**What is expected:** Within the listing below, give again exactly the lines between the one containing "20 Best Kitchen" and the one containing "Immobilienpreisekarte Luedershagen b.", inclusive, pictures left aside.

**Raw data:**

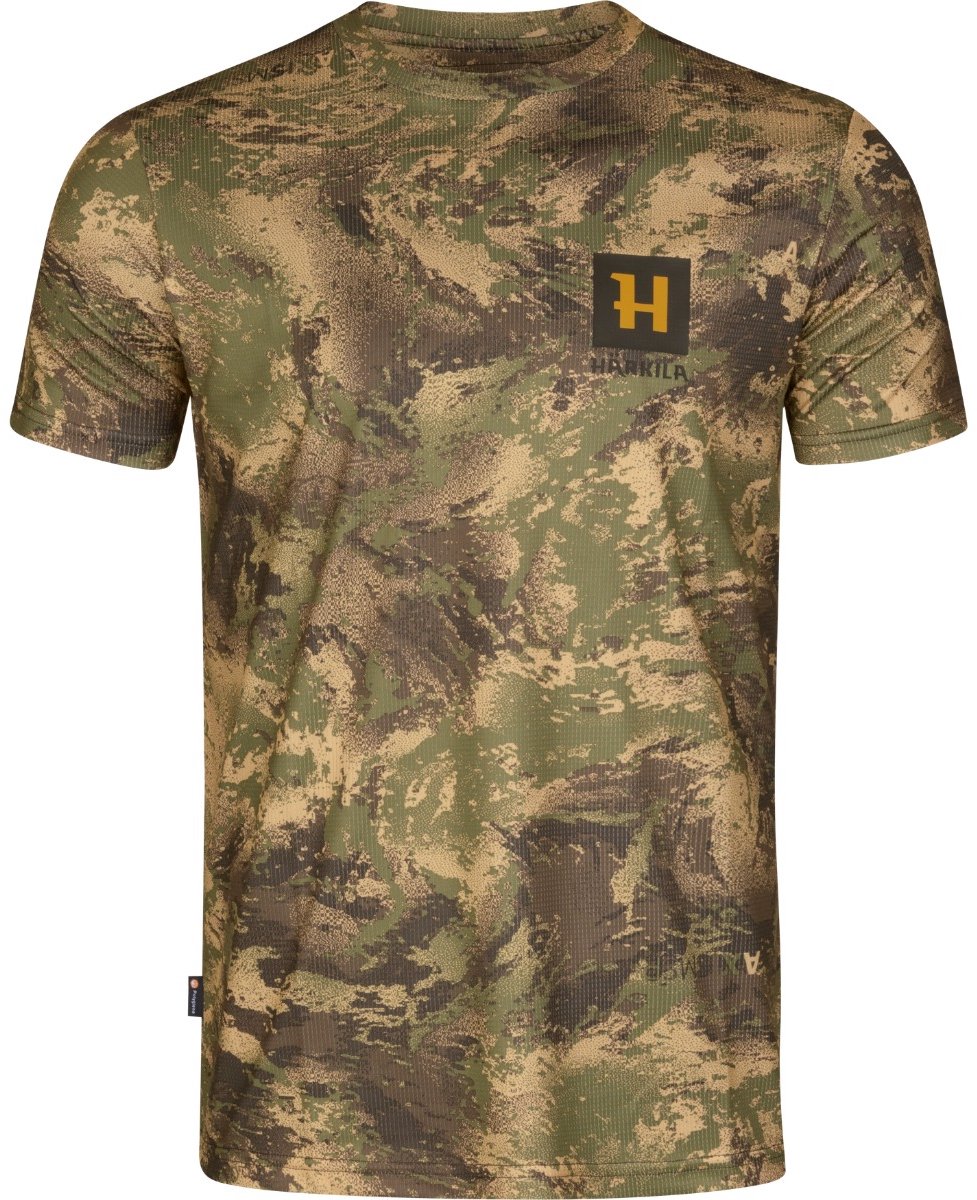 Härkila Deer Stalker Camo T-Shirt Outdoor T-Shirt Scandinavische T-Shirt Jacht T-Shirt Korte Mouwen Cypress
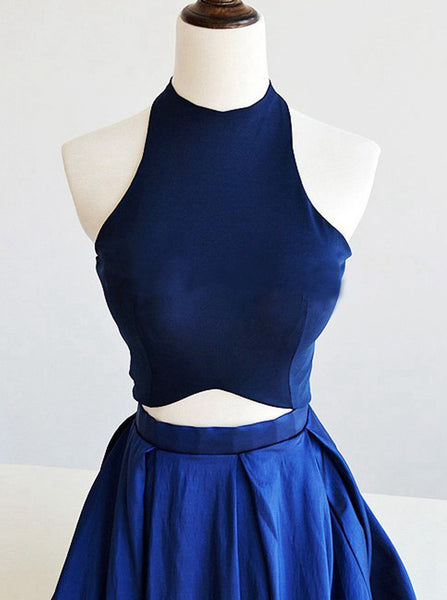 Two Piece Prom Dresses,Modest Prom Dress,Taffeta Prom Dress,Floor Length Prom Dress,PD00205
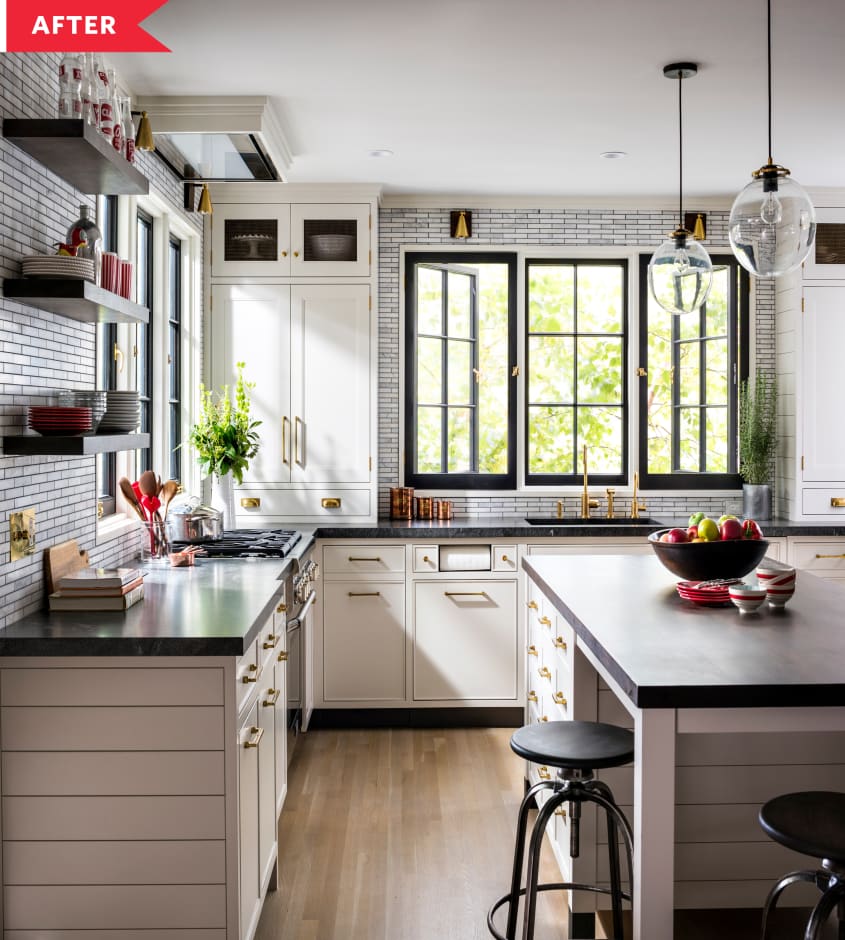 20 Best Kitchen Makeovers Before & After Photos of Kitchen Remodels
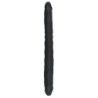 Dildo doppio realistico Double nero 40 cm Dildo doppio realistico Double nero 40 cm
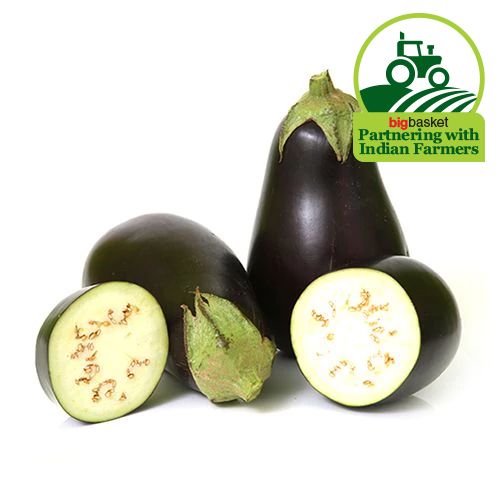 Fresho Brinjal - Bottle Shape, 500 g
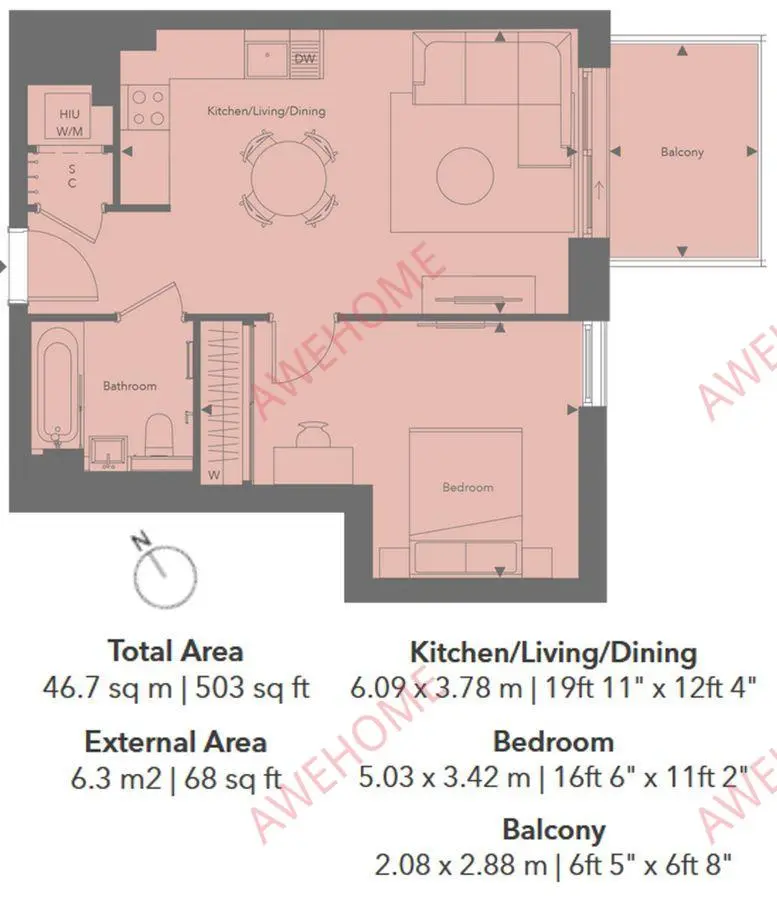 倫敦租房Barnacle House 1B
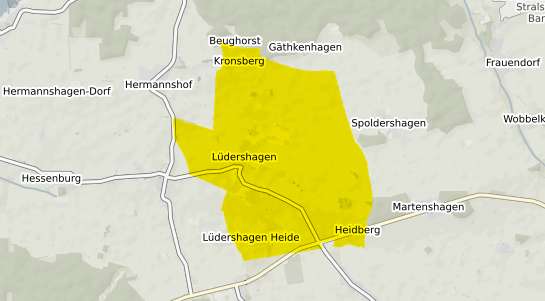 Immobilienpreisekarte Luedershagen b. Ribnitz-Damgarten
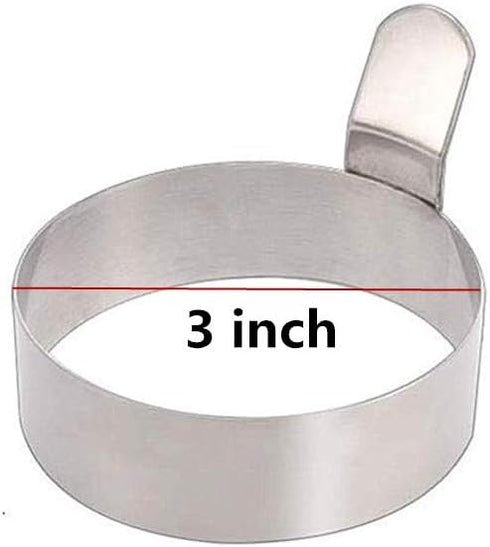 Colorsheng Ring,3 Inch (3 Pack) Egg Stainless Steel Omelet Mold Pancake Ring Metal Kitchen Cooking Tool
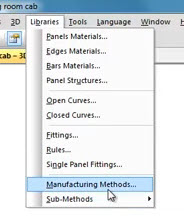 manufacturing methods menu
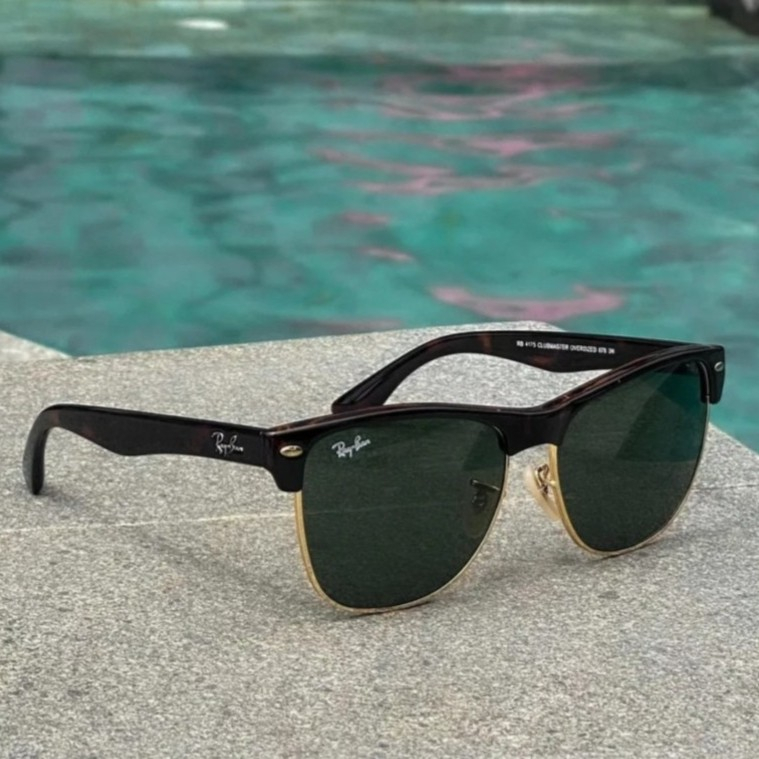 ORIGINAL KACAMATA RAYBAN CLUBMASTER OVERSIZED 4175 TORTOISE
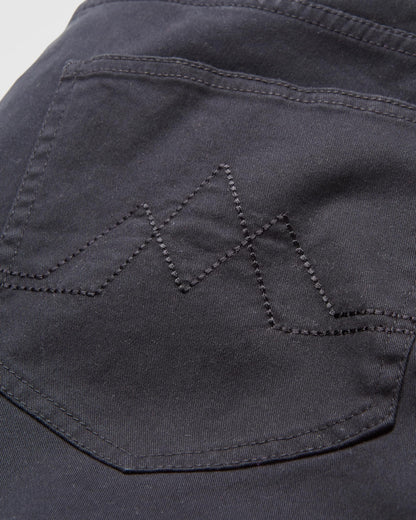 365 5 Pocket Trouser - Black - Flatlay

**Answer to the exercise:**
 20 Best Kitchen Makeovers Before & After Photos of Kitchen Remodels
 Dildo doppio realistico Double nero 40 cm Dildo doppio realistico Double nero 40 cm
 Fresho Brinjal - Bottle Shape, 500 g
 倫敦租房Barnacle House 1B
 Immobilienpreisekarte Luedershagen b. Ribnitz-Damgarten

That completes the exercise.